— Вы прекрасно говорите по-русски! — она улыбнулась, доверчиво глянула на него. — Учились в России?
— Нет, я… В общем, долго рассказывать. Среди русских прошли мои молодые годы, есть такая семья. Далеко, в Петрограде… Ну, как же все-таки вас зовут?
— Мария Герасимовна. Можно просто Маша.
— Вы работаете медсестрой? — спросил Нобат.
— Сейчас да, медсестрой. Но я мечтаю стать врачом. И стану, поверьте! — лицо у нее на миг сделалось одухотворенным, глаза сверкнули решимостью. — Только для этого нужно учиться. Но все это далеко — Москва, Петроград. Выла война — не поехала. А сейчас у меня отец тяжело болен. Старый друг нашего Николая Петровича. Введенский, врач-терапевт, он в Ташкенте с семидесятых годов…
Они помолчали. Нобат поймал себя на желании еще раз глянуть на Машу. И подольше не отводить взгляд. Какие у нее хорошие глаза — живые, ласковые… И в сердце растет благодарность к этой светловолосой русской девушке: ведь она уже не один день старательно, неустанно заботится о нем, беспомощном, неопрятном…
Должно быть, у него вырвался непроизвольный стон.

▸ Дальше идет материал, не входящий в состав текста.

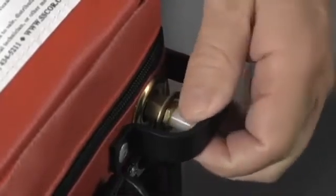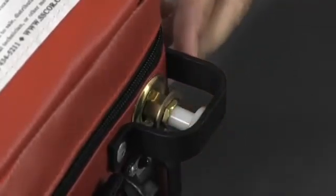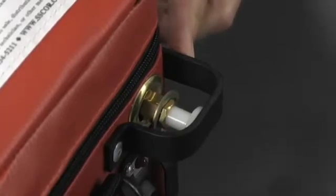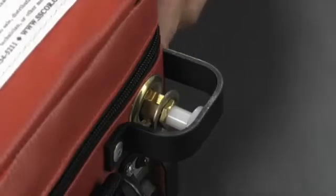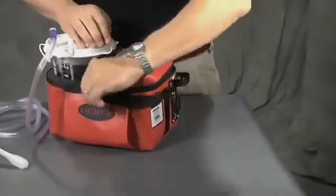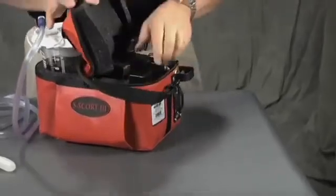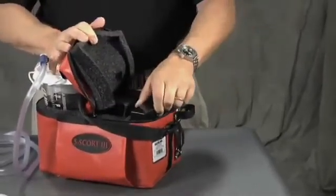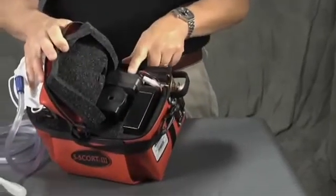Pull out the button and the vacuum level drops to approximately 125 millimeters of mercury for tracheal suctioning or other procedures where lower vacuum is called for. The Escort 3 is easy to maintain. It generally requires no maintenance other than the occasional battery replacement, which is very easy to perform. Should any other repair be necessary, all components are readily accessible.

— Вам плохо? — тотчас прозвучал встревоженный голос Маши. — Товарищ Гельдыев… — она замялась, видимо, чуть было не назвав его по имени, но сдержалась в последний миг. — Лучше вам сейчас уснуть. Вообще сои при выздоровлении очень, очень полезен!.. Ну, хотите, я дам вам снотворного?
— Не-ет… — Нобат повернул к ней лицо, ее поразили его глаза, они стали строгими, какими-то сухими, взгляд устремлен как бы сквозь нее. А ведь только что были совсем другие, светились искренней теплотой и лаской. — Нет, — повторил он. — Спасибо вам. Мне еще в германскую говорили, в госпитале: чем меньше лекарств, даже пусть полезных, тем лучше для организма. Да и боль сейчас не сильная. Нет, спасибо.

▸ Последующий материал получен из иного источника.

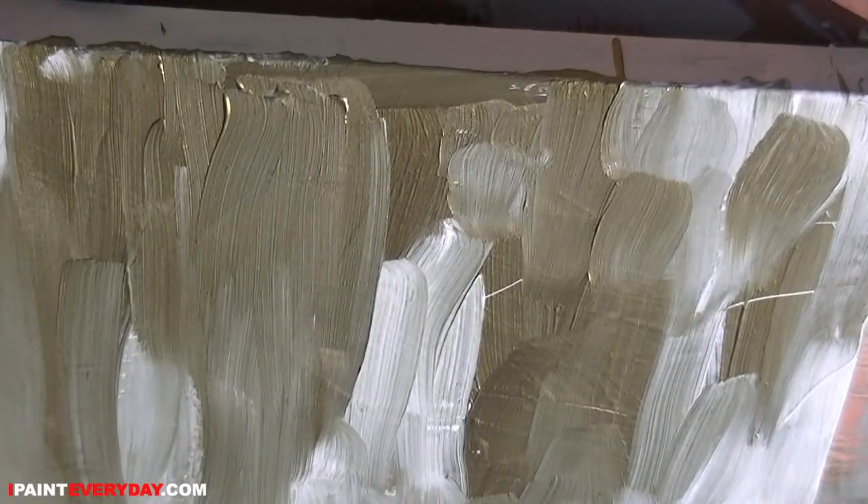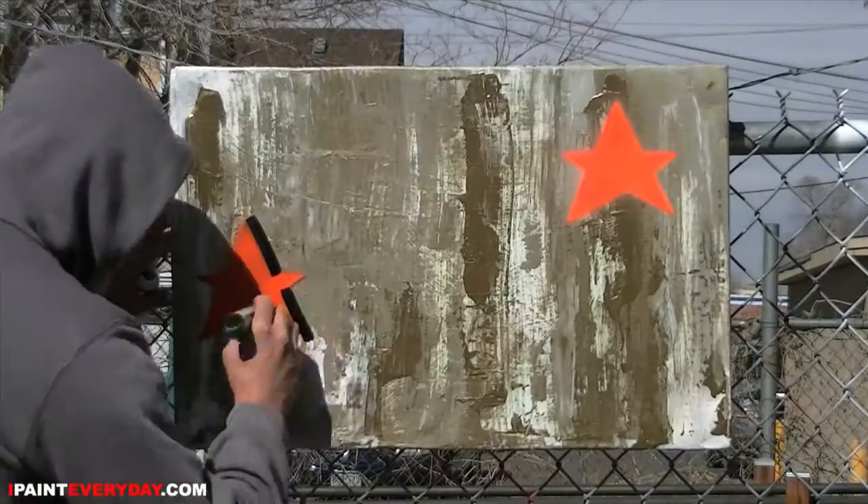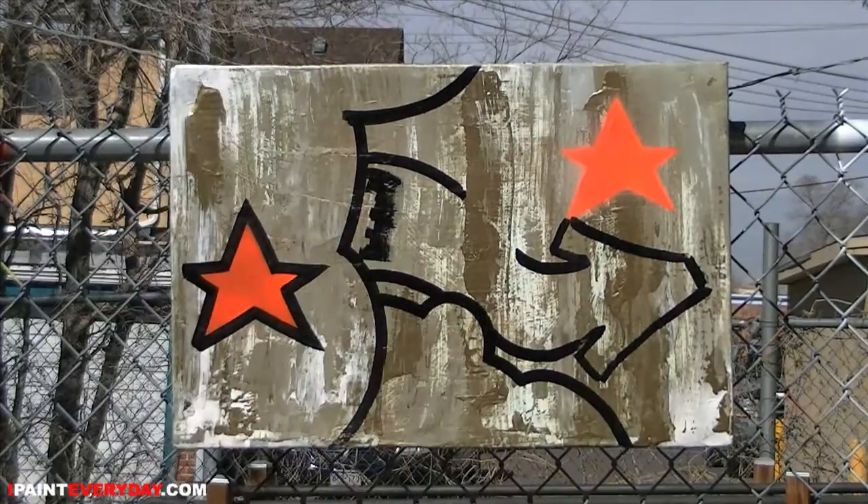You are now tuned in to the IpaintEveryday.com show. My name is Otto Graf, and in this episode I get a little silly because this time I'm not painting on a canvas, but on a box that I found in the garden of the Black Book Gallery, where this episode is recorded.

— Верно вам говорили, — помедлив, ответила Маша, и голос ее прозвучал тускло. Ей передалось настроение Нобата. — Но отдых вам не помешает, — проговорила она минуту спустя, уже вполне овладев собой. — Я прикрою шторы и пока что вас покину.
Задернув обе шторы, она торопливо вышла, тихонько притворив дверь.
И опять его разбудил женский голос.
— Ну, сынок, пробудился? — певучим говорком произнесла пожилая дородная нянечка, улыбаясь круглым, в морщинках, лицом. — Ты, милый, только не ворохнись, нельзя, вишь, тебе… Вот я тя с ложечки чичас, с ложечки. Подушку-то подобью под затылок, оно и ловчее…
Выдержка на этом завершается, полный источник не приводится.